As always, the 10-year yield matters greatly to housing

Has the epic crash in existing home sales finally found a workable bottom to rise from? The 10-year yield will be our guide, as I discussed on CNBC very early in 2023.

Where the 10-year yield goes, so goes housing! I say this because of the slow dance between the 10-year yield and 30-year mortgage rates since 1971. Last year, the 10-year yield fell from 4.25% to 3.37%, pushing mortgage rates lower from 7.37% to 5.99%. That created three months of positive purchase application data and gave us one of the most significant month-to-month sales prints ever recorded in history: from 4 million to 4.55 million.

Where the 10-year yield goes, so does housing demand, so let’s talk about today’s existing home sales report.

From NARTotal existing-home sales – completed transactions that include single-family homes, townhomes, condominiums and co-ops – fell 4.1% from September to a seasonally adjusted annual rate of 3.79 million in October. Year-over-year, sales tumbled 14.6% (down from 4.44 million in October 2022).

One of my talking points over the years is that it’s rare since 1996 to have existing home sales trend below 4 million. We had this happen in 2008, and it is happening now. This last push lower in demand can be attributed to mortgage rates getting above 8% and the 10-year yield spiking to 5%.

It’s not difficult to understand housing: higher mortgage rates create less demand, and lower mortgage rates create better demand. Recently, mortgage rates have fallen, and we have seen a pick-up in purchase application data. Just remember, purchase application data looks out 30-90 days, so if we get more consistent growth, it will be a few months before the total effect is shown in the sales data.

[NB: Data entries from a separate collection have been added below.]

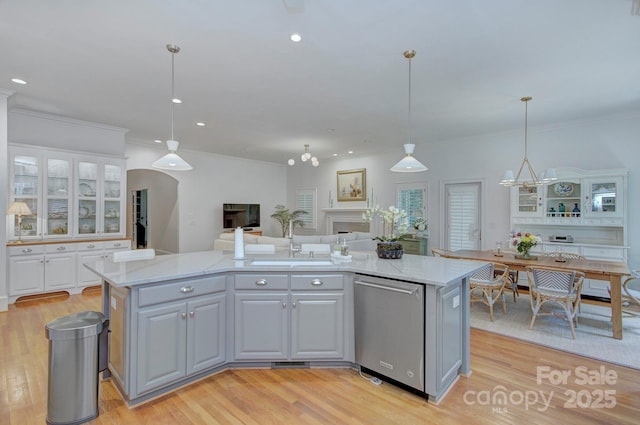 4323 Rosecliff Dr, Charlotte, NC 28277 - kitchen featuring stainless steel dishwasher, light wood-style floors, light stone countertops, white cabinetry, and open floor plan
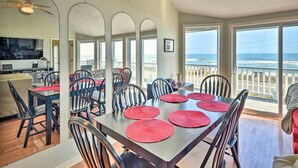 Un espace repas offrant une vue sur l’océan, avec une longue table agrémentée de sets de table rouges, de chaises noires et d’un ventilateur de plafond.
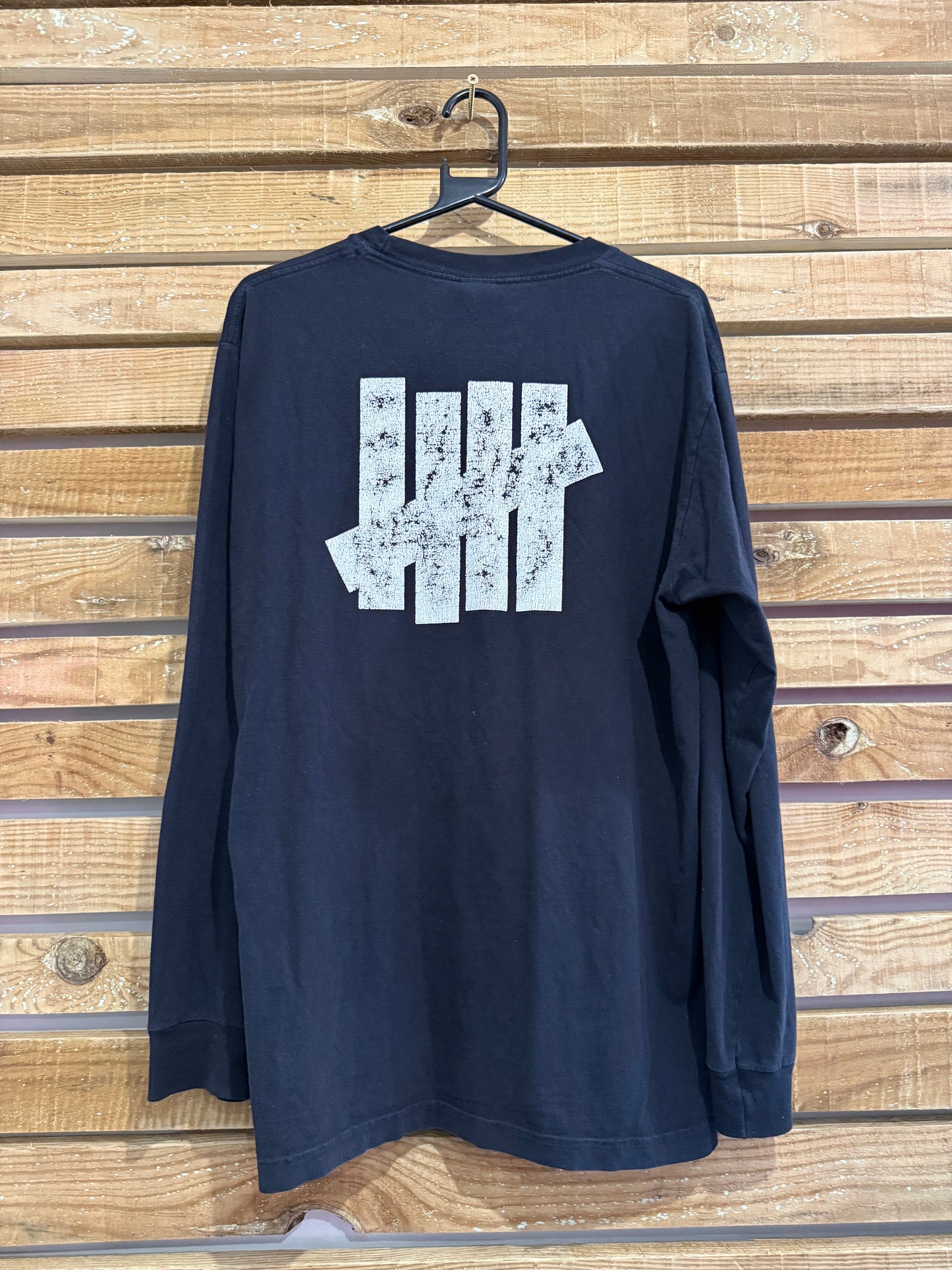 Undefeated printed black Sweater/ Sweatshirt. Size Medium.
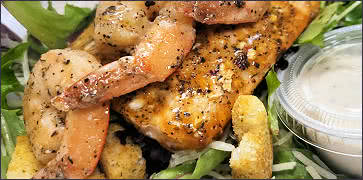 Salmon and shrimp Ceasar Salad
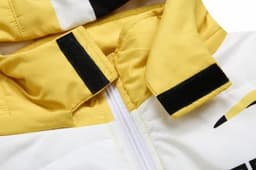 A close-up of a puffer coat featuring yellow and white fabric, with removable sleeves and a hood, and a logo in the design.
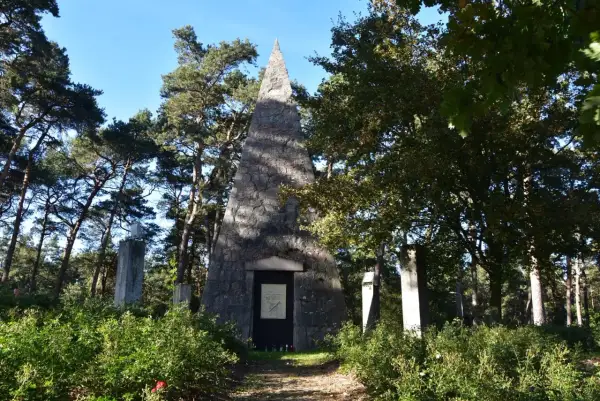 Kamienna piramida Łakińskiego w lesie, otoczona drzewami i zielenią. Obok stoją kamienne pomniki.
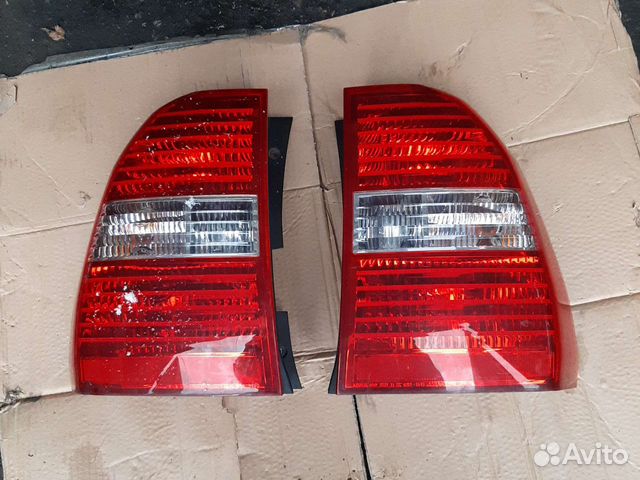 Фонарь Левый Киа Спортейдж 2 оригинал дорестал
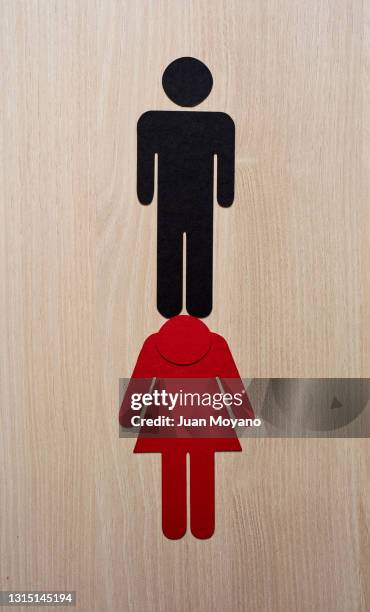 man on top of a woman - wage gap stock pictures, royalty-free photos & images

Below are a few charts to go along with the existing home sales report:

From NAR: First-time buyers were responsible for 28% of sales in October; Individual investors purchased 15% of homes; All-cash sales accounted for 29% of transactions; Distressed sales represented 2% of sales; Properties typically remained on the market for 23 days.

The days on market is a seasonal data line that falls in the first half of the year and then rises in the second half. My rule of thumb for the savagely unhealthy market is that we never want the days on the market to be a teenager or below; nothing good happens in housing when this occurs. This means that we either have a record boom in demand that will end badly, or we have too many people chasing too few homes. Looking at our housing data, it clearly was the second one this time around.

Since housing inventory has broken to all-time lows and we haven’t see the credit boom like the one during the housing bubble years, it’s all about active listings. Anything above 19 days is a good thing. I prefer to have days on market of at lest 30 days all year round, but clearly, I am not getting what I want this year on inventory.

From NAR: The median existing-home price for all housing types in October was $391,800, an increase of 3.4% from October 2022 ($378,800). All four U.S. regions registered price increases.

So when you see 21st-century demand lows and home prices rising year over year, just remember: 2022 was the craziest year ever in housing. In this recent podcast, I discussed what you need to see if you’re looking for a national home price crash. Simply put, for 2023, inventory is low, demand isn’t crashing like it did in 2022, and we have low distress sales. This is how national home prices got back to all-time highs.

Today’s existing home sales might be the cycle low in demand if the 10-year yield has indeed peaked. The history of bond markets and mortgage rates has been that if the market believes the Fed is done hiking, then mortgage rates head lower. How much lower they go depends on the economic data. I recently talked about what we need to look for in this podcast.

For the rest of this cycle, we will keep an eye on the labor data and other data lines and track the 10-year yield; the lower it goes, the more we can rise from these historically low levels of demand.